_Records for the exercise:_
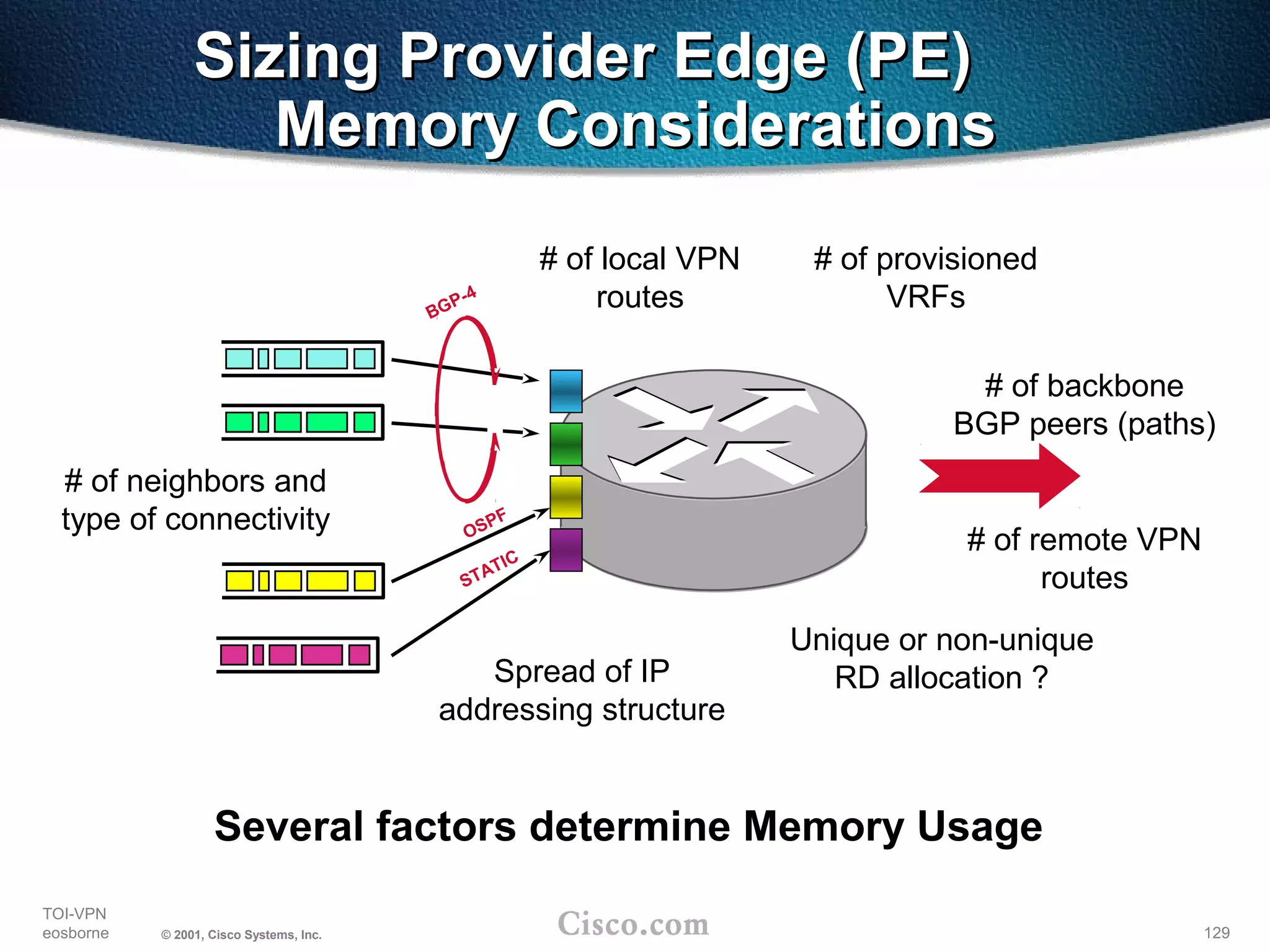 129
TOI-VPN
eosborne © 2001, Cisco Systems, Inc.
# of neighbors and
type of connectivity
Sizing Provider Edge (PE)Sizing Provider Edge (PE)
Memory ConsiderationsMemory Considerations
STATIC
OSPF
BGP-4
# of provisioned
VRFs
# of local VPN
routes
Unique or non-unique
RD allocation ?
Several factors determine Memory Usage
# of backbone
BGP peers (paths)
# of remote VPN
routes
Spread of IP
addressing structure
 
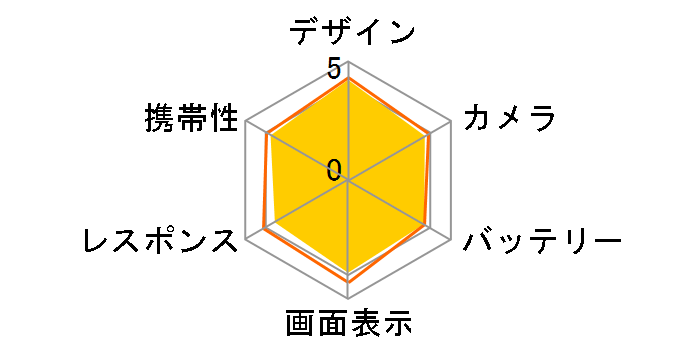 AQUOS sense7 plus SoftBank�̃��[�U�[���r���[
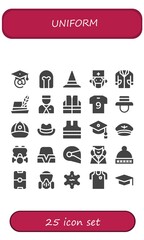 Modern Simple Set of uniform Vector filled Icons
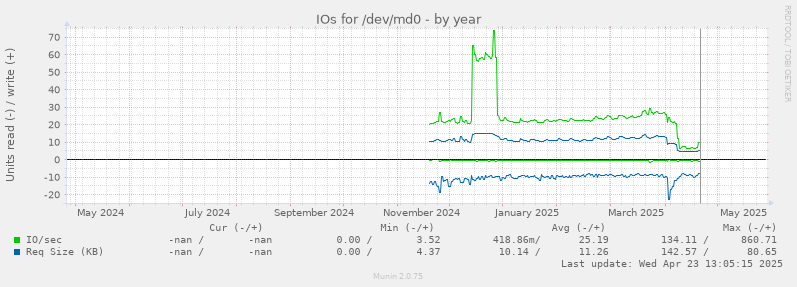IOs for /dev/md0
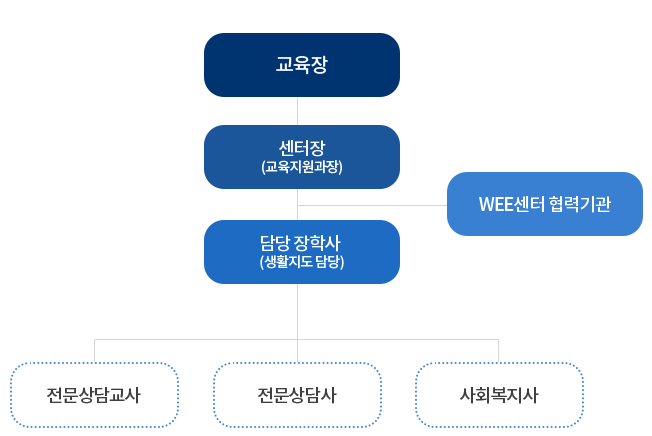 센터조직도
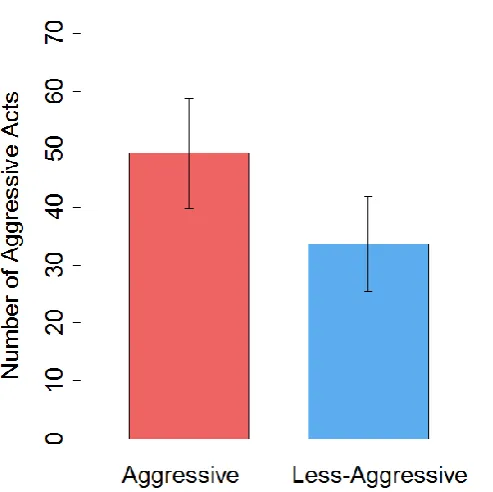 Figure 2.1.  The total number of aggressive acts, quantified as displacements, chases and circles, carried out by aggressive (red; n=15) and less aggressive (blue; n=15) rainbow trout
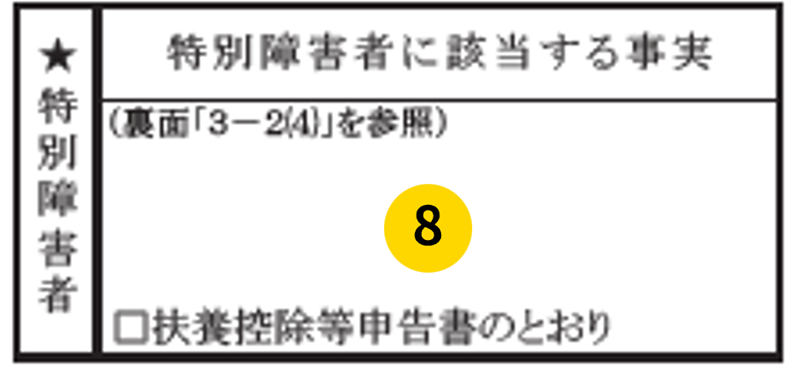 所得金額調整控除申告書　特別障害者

* * *

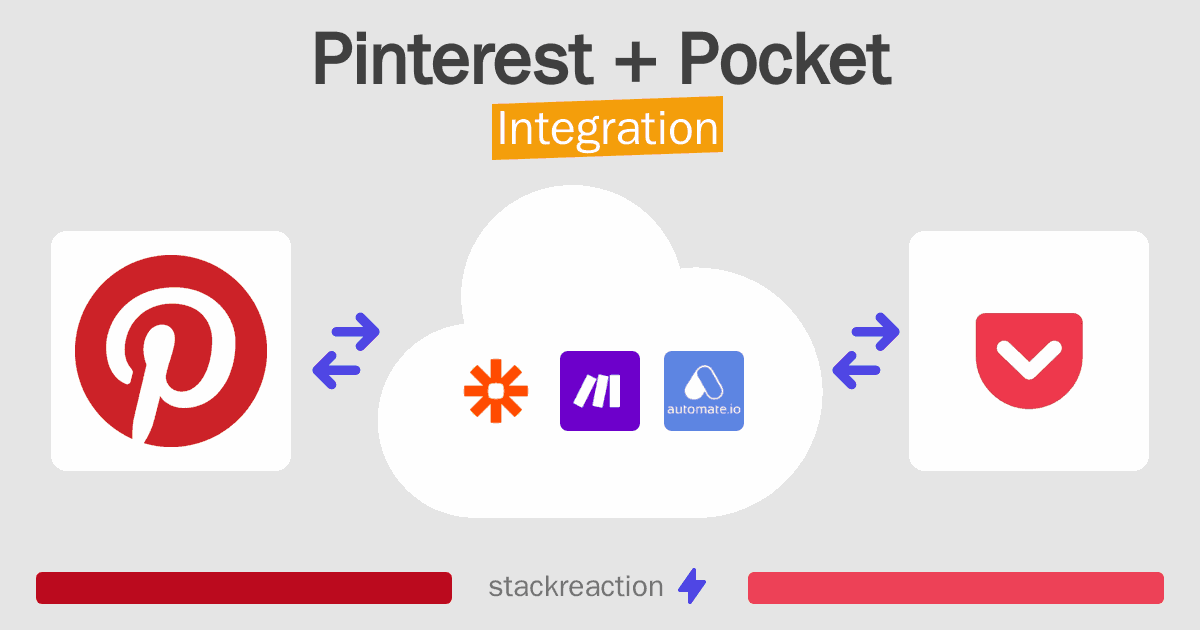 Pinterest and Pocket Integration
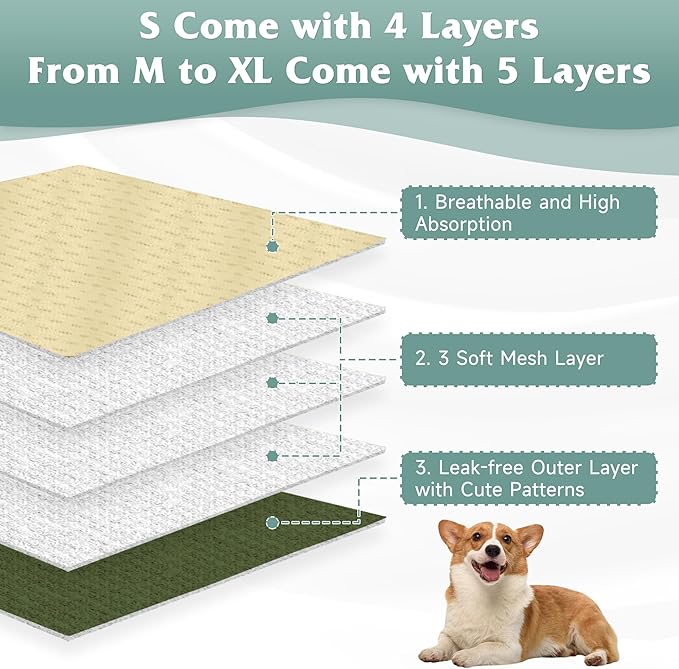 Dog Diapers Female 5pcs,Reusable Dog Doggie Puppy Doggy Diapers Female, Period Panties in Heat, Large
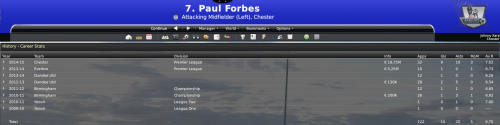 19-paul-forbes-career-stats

_Aim of the exercise:_ Where the string "Memory" turns up in a line of the data above, copy that whole line.

_Answer to the exercise:_
Memory ConsiderationsMemory Considerations
Several factors determine Memory Usage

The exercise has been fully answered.